Market Confidence in Fed’s Rate Hike Wavers Amid Lingering Doubts of its Benefits

The Fed: Will they hike or not?
Economists, money managers, and the market have debated the Federal Reserve’s next move. After months of speculation, a mixed bag of opinions, and even a looming banking crisis, the Fed will convene this week to determine whether to hike interest rates by 25 basis points. Yet, despite a market consensus that believes they will do so, it does not convince many economists and money managers it is the right decision. A recent CNBC Fed Survey found that only 52% believe the Fed should hike, yet 72% expect them to do so. So why is there such a divide?
The risk of financial contagion
One major factor fuelling the argument for the Fed to hold off on hiking rates is the recent failures of Silicon Valley Bank and Signature Bank. In addition, the financial contagion risk is a real concern, with many on Wall Street suggesting the Fed should hold some dry powder in reserve. Over half (52%) of economists and money managers polled by CNBC believe that financial stability is a bigger issue for the Fed now than inflation, and almost three-quarters (72%) rate systemic risk as high.
The Fed’s dilemma
The Fed’s dual mandate of maintaining inflation and financial stability has created a dilemma for Fed Chair Jerome Powell and the FOMC. Can they instill confidence in the market and prevent the economy from a hard landing while keeping financial stability tools separate from their inflation-fighting monetary policy tools? The risk is that these forces will overlap, with a banking crisis leading to tightened credit at banks and creating enough disinflation to slow the economy.
The data problem
The Fed’s decision-making process is heavily reliant on data. However, there hasn’t been enough evidence to suggest the fight against inflation has progressed to the point where confidence in credit tightening can do the disinflation job without a rate hike. While wage growth has cooled, it remains strong, job growth is running at a hotter pace than expected, and recent revisions show that progress in bringing prices down hasn’t been quite as good as the initial data suggested.
Key takeaway
The Fed’s decision to hike rates is complex, and it’s clear that even the experts are divided. While the market seems to believe that a hike is imminent, many economists and money managers are not convinced it’s the right decision. Moreover, the risk of financial contagion, the dilemma facing the Fed over balancing inflation and financial stability, and a lack of clear data all add to the situation’s complexity.
Related facts
- According to a recent CNBC Fed Survey, only 52% believe the Fed should hike rates, yet 72% expect them to do so.
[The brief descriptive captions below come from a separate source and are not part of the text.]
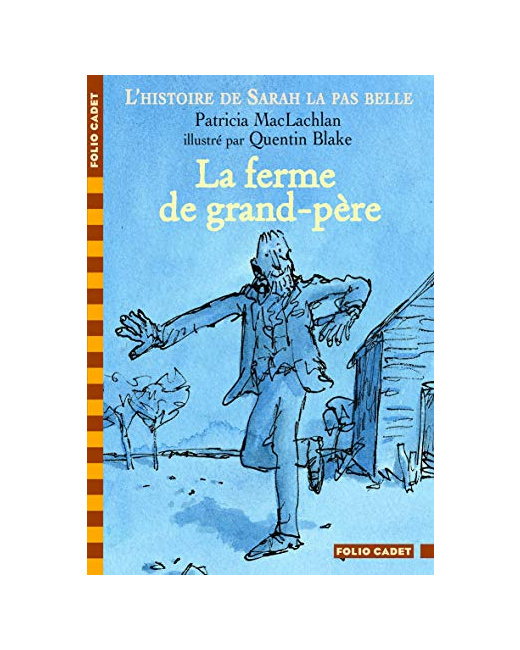 Livre L'Histoire De Sarah La Pas Belle, V : La Ferme De Grand-Père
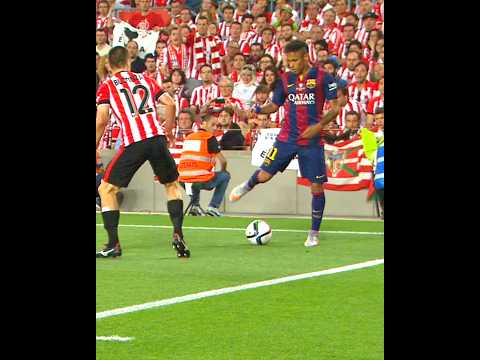 Neymar Now vs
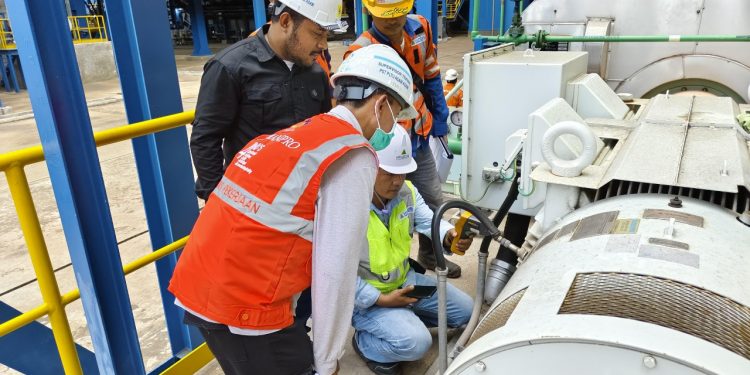 PLN Kalbagtim 4 Kolaborasi dengan Hyundai Engineering Periksa Kinerja PLTU Kalselteng 2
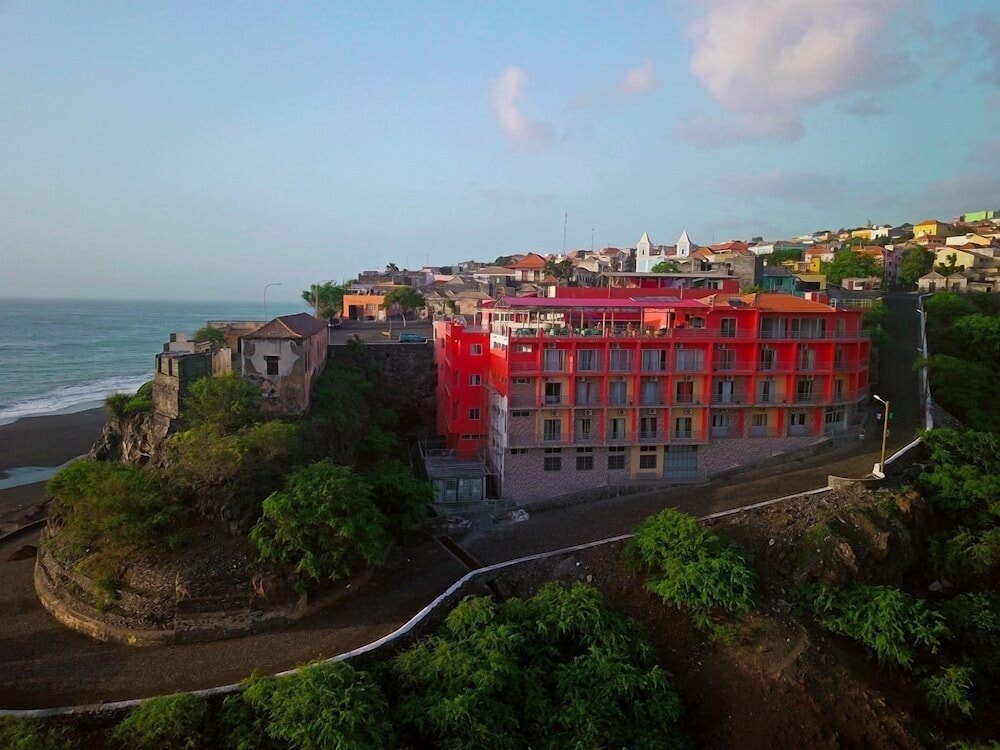 Hotel & Restaurante Ocean View Seafood in São Filipe, Cape Verde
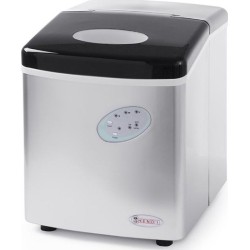 Φορητή Παγομηχανή Ηλεκτρική 12 kg Hendi 271568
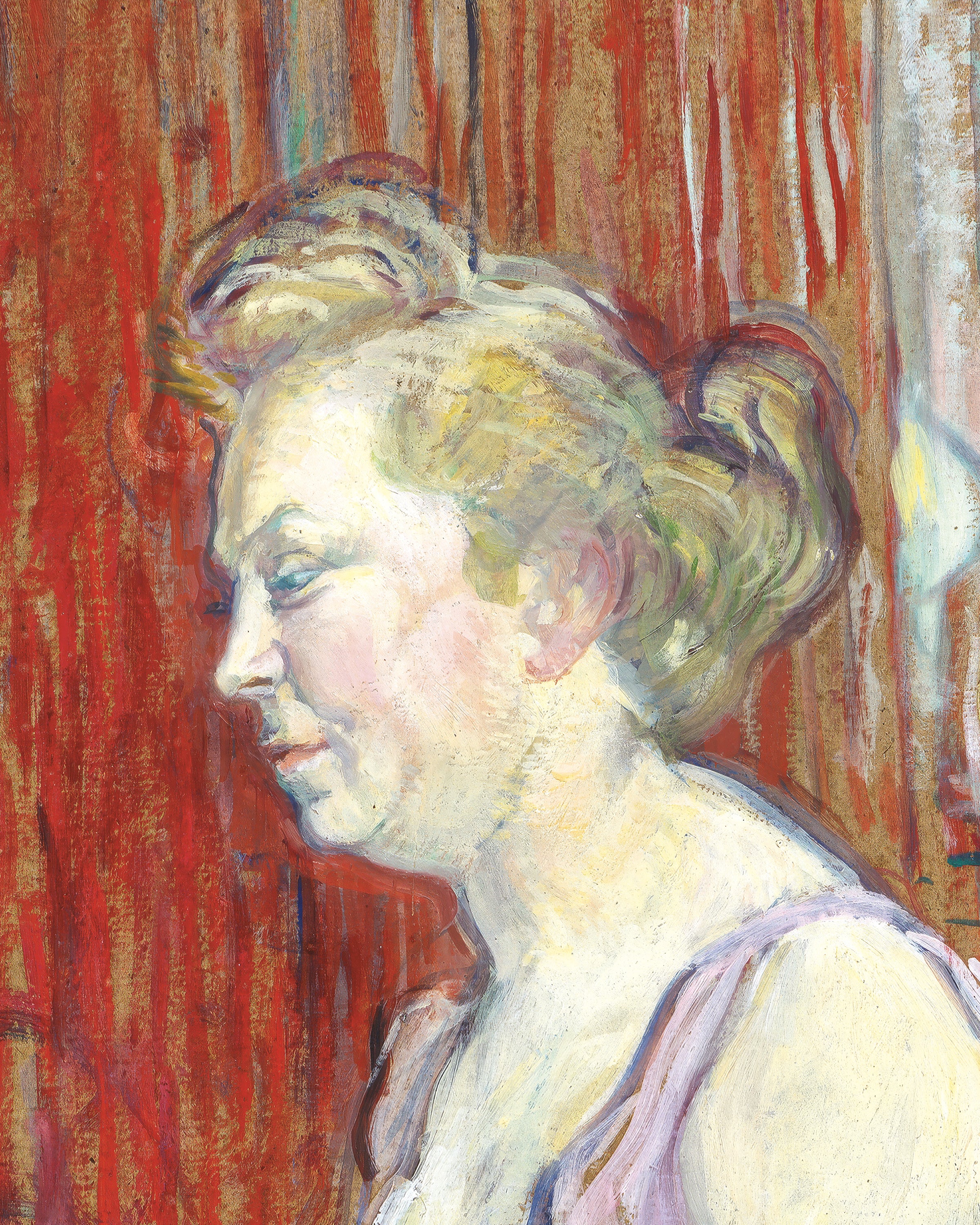 Rue des Moulins (1894) von Henri de Toulouse-Lautrec Kunstdruck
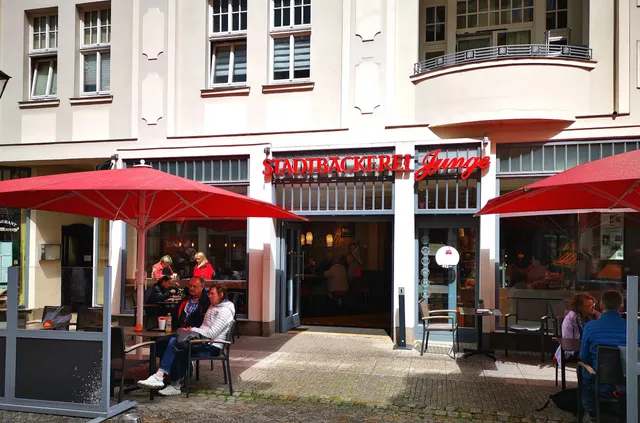 Junge Die Bäckerei.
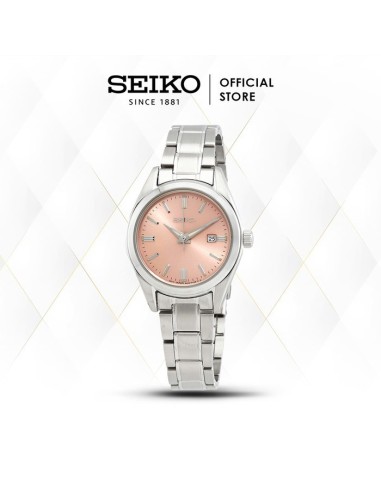 Reloj mujer Seiko NeoClassic SUR529P1 29.8mm 100m WR cristal de zafiro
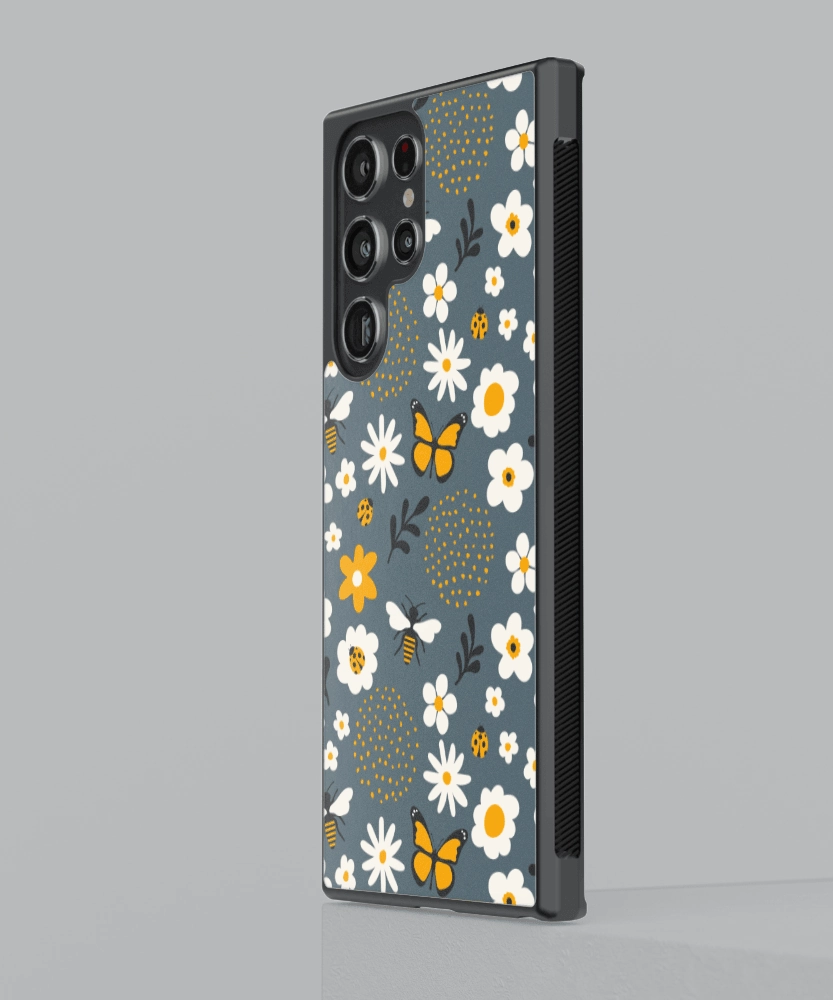 Minimal Aesthetic Midnight Bloom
- Over half (52%) of economists and money managers polled by CNBC believe that financial stability is a bigger issue for the Fed now than inflation.
- Almost three-quarters (72%) rate the level of systemic risk as being high.
Conclusion
At this stage, it’s impossible to predict exactly what the Fed will decide to do. However, any decision will come with risks and trade-offs. For example, the Fed may hike rates to curb inflation, but this could lead to tighter credit, financial contagion, and potential disinflation. On the other hand, not hiking rates could lead to stagflation and a greater cost to society. Therefore, the Fed’s decision should be two-fold: explain their powerful financial stability tools and hike rates by 25 basis points if they see it as necessary.